_PROMPT:_ Pictures excluded, please retype exactly the lines from the start of the data through the line that contains "Building Photo - 7408 Pusch Ridge Loop", both ends kept, and nothing beyond them.

======== EXERCISE DATA

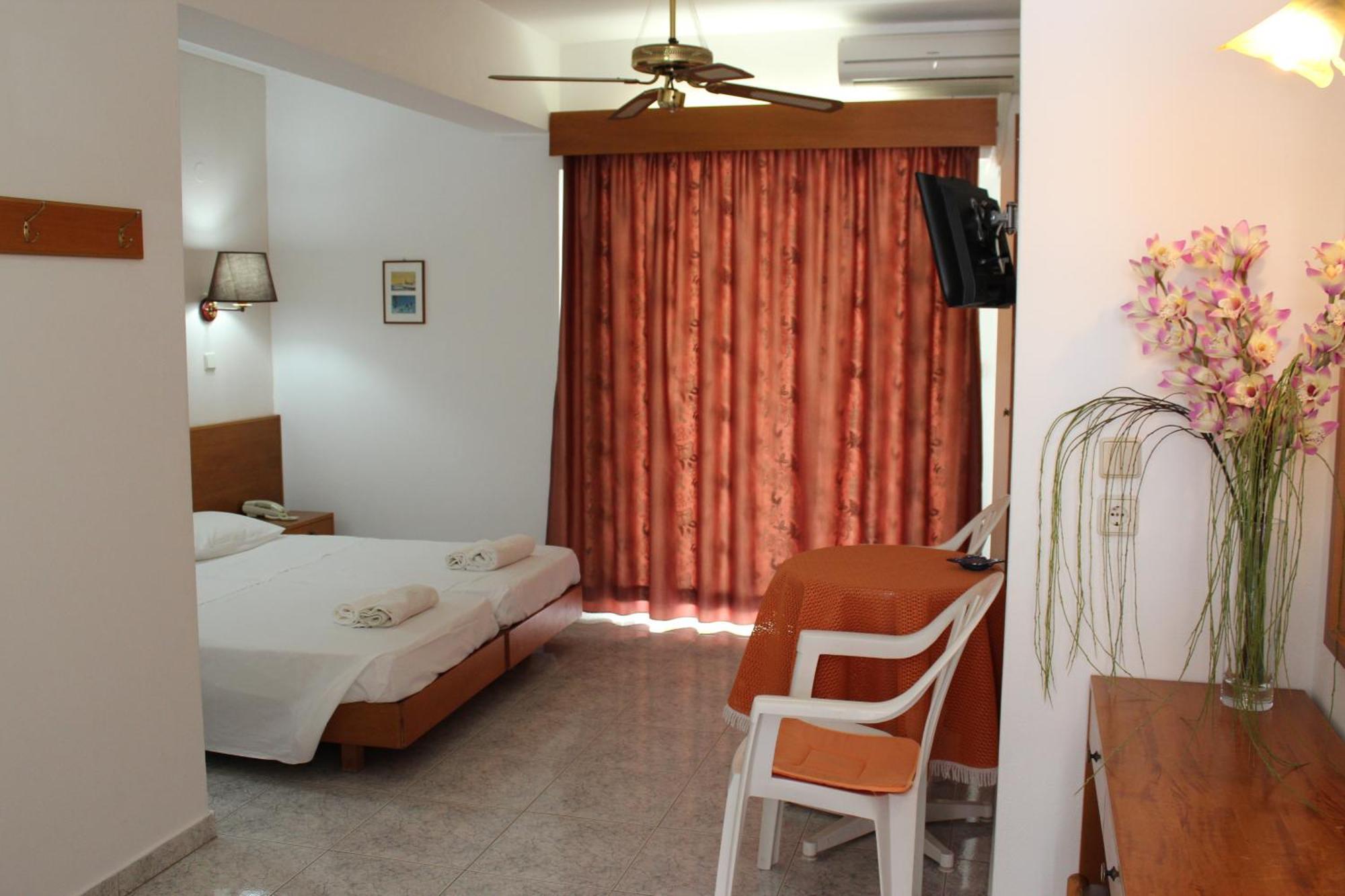 פליראקי Elarin Studios & Apartments מראה חיצוני תמונה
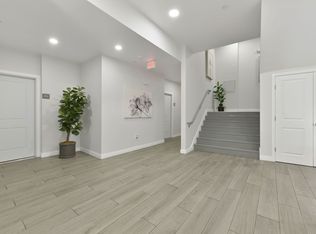 MARKET STREET APARTMENTS, Lynn, MA 01901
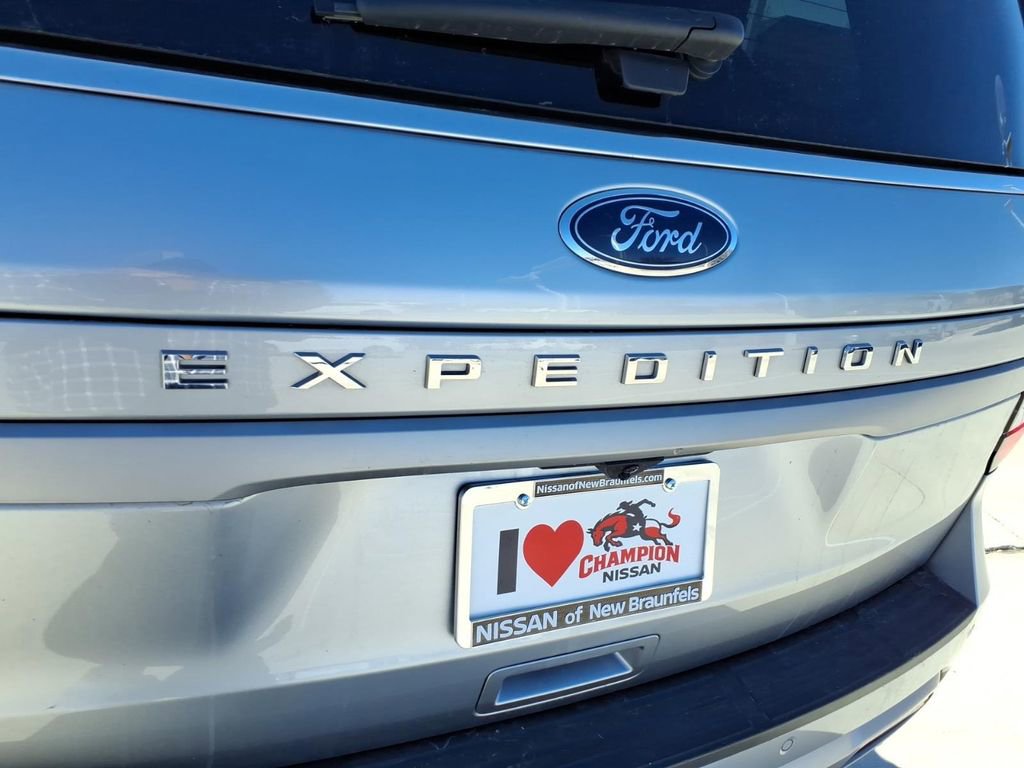 Used 2024 Ford Expedition XLT image 10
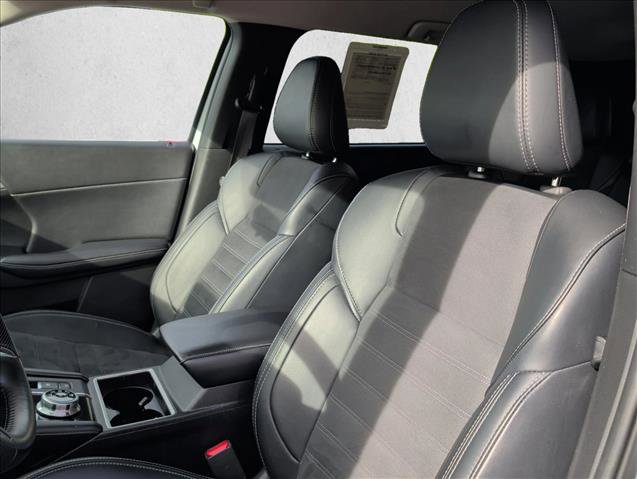 Used 2024 Mitsubishi Outlander 4WD Plug-In Hybrid image 11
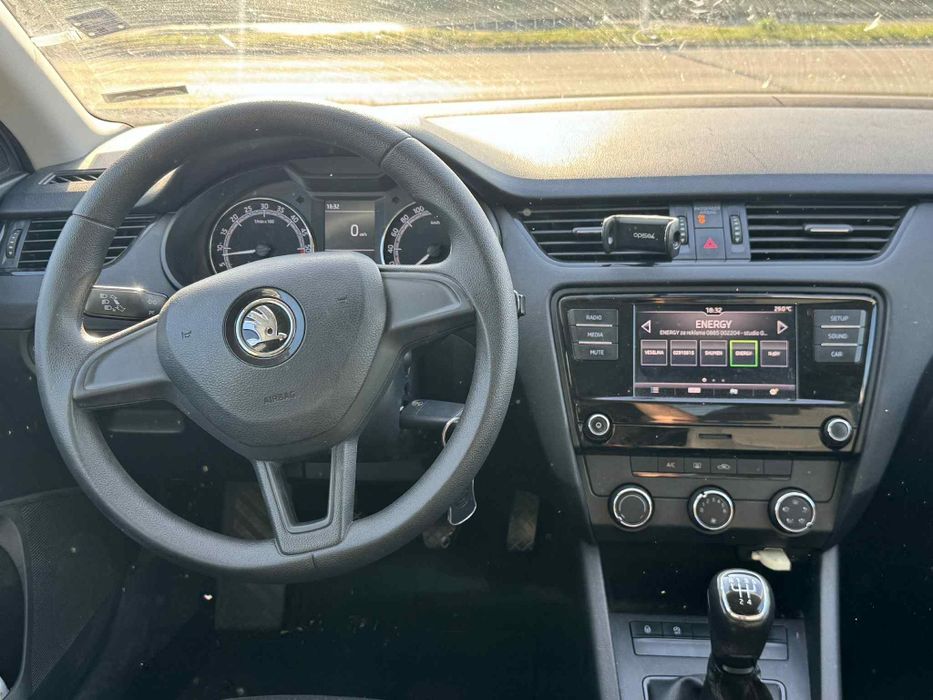 Продавам Шкода октавия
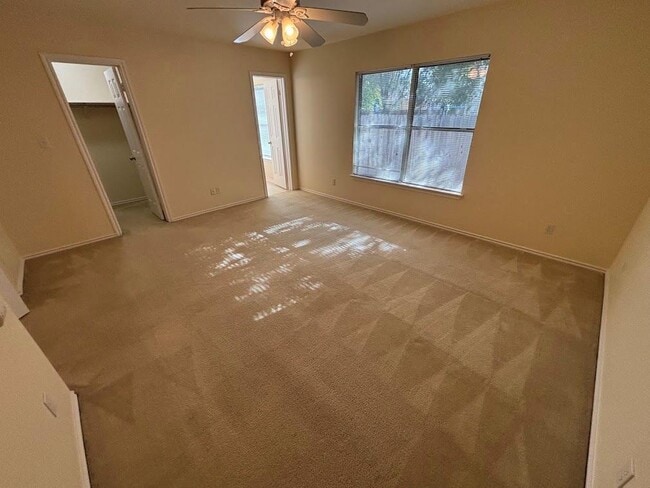 Building Photo - 7408 Pusch Ridge Loop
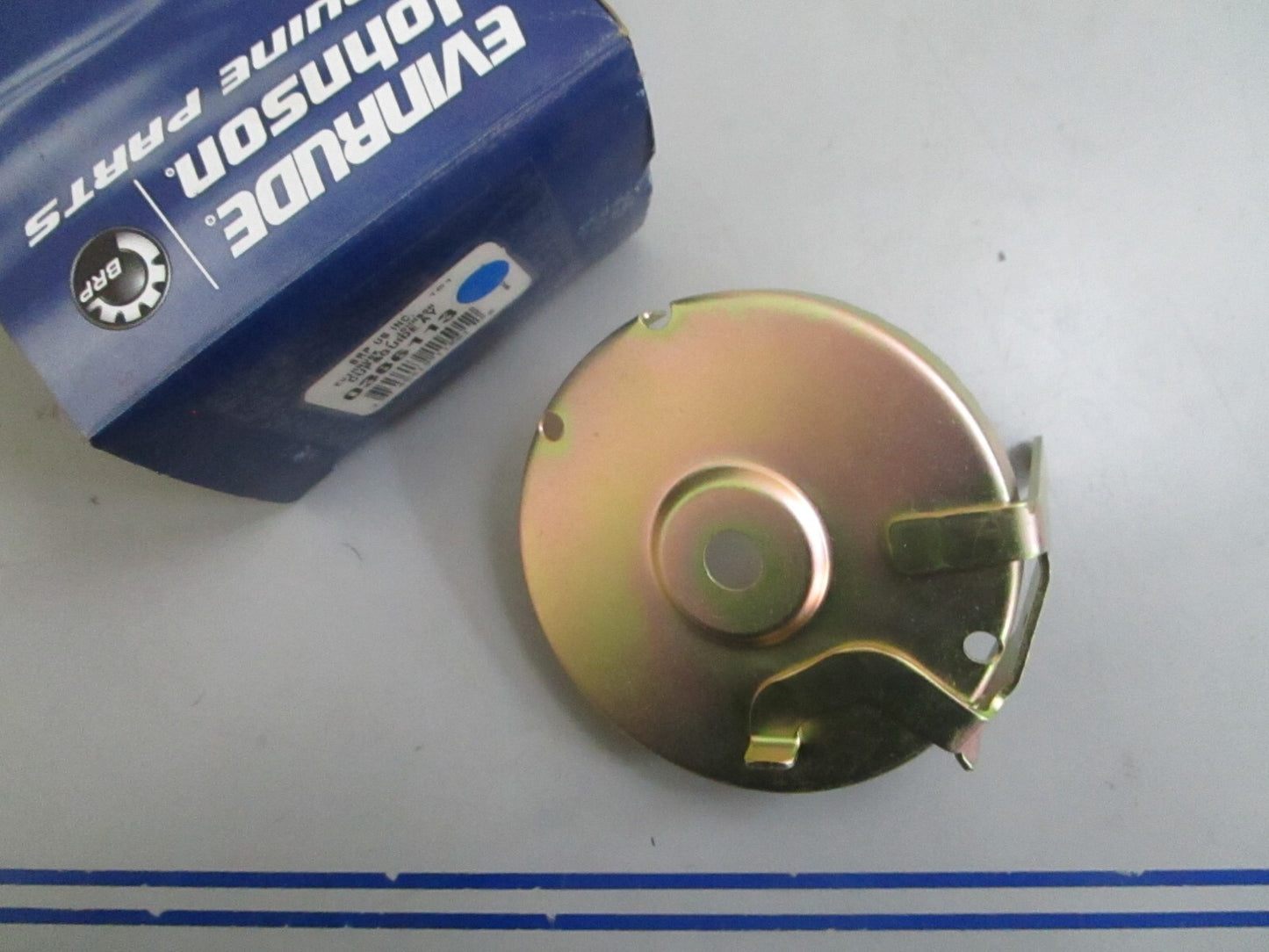 *NEW OEM* 0820 OMC Johnson Evinrude Cup & Guide Ay 386113 0386113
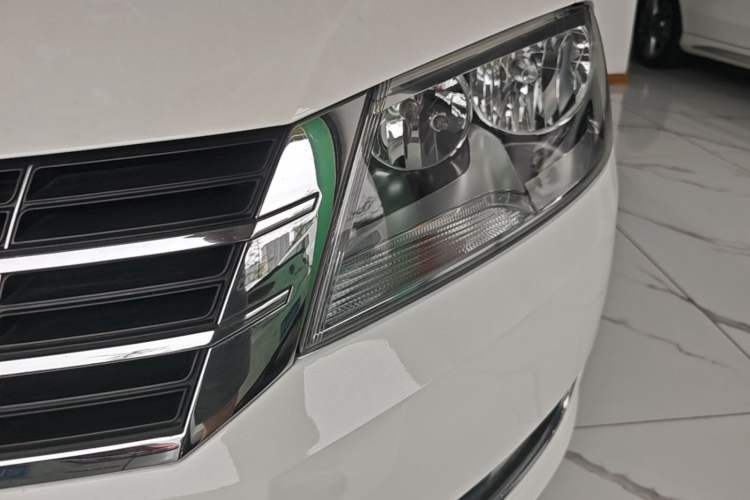 Used Volkswagen Lavida 2013 Restyled Classic 1.6L Automatic Comfort Edition Left Front Headlight
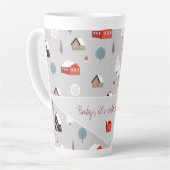 スカンジナビア北欧の冬のパターンタイポグラフィ カフェラテマグ (左アングル)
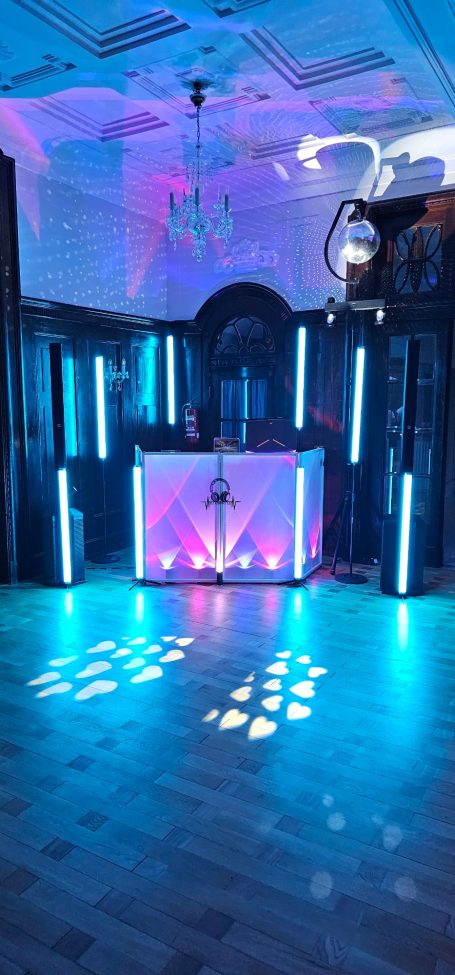 Feier mit DJ Ronny LE Schloss Teutschenthal festliches Ambiente mit DJ Ronny LE.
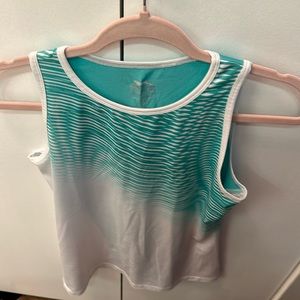 Slazenger women’s tennis size small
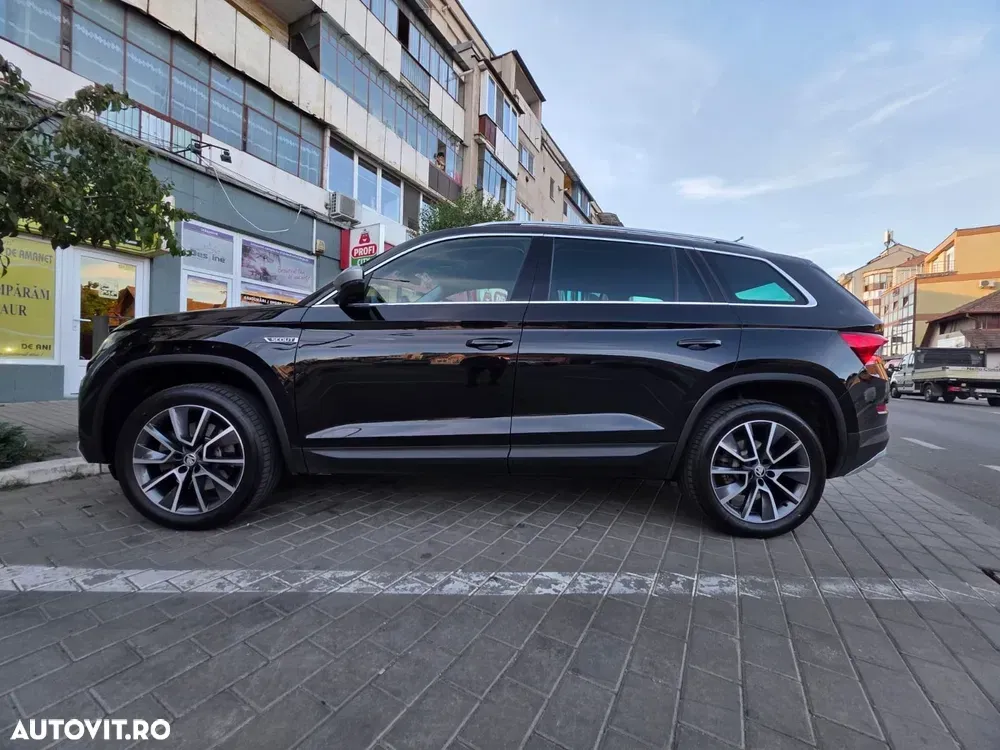 Škoda Kodiaq ver-2-0-tdi-4x4-dsg-scout — imagine 3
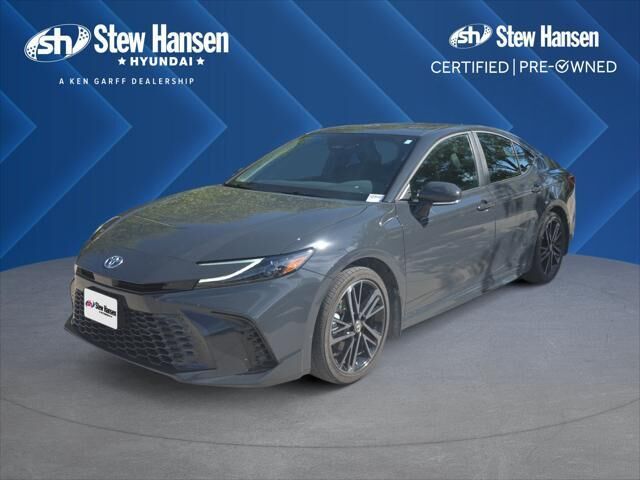 2026 Toyota Camry LE — photo 1 of 13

================

_SOLUTION TO THIS EXERCISE:_
 פליראקי Elarin Studios & Apartments מראה חיצוני תמונה
 MARKET STREET APARTMENTS, Lynn, MA 01901
 Used 2024 Ford Expedition XLT image 10
 Used 2024 Mitsubishi Outlander 4WD Plug-In Hybrid image 11
 Продавам Шкода октавия
 Building Photo - 7408 Pusch Ridge Loop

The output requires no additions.